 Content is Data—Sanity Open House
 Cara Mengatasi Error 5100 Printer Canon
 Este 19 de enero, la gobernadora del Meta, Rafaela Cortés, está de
════════════════════
▸ **TASK OBJECTIVE**: Give back the data above exactly, so that every line matches.

▸ **REPLY TO THE EXERCISE**:
 Content is Data—Sanity Open House
 Cara Mengatasi Error 5100 Printer Canon
 Este 19 de enero, la gobernadora del Meta, Rafaela Cortés, está de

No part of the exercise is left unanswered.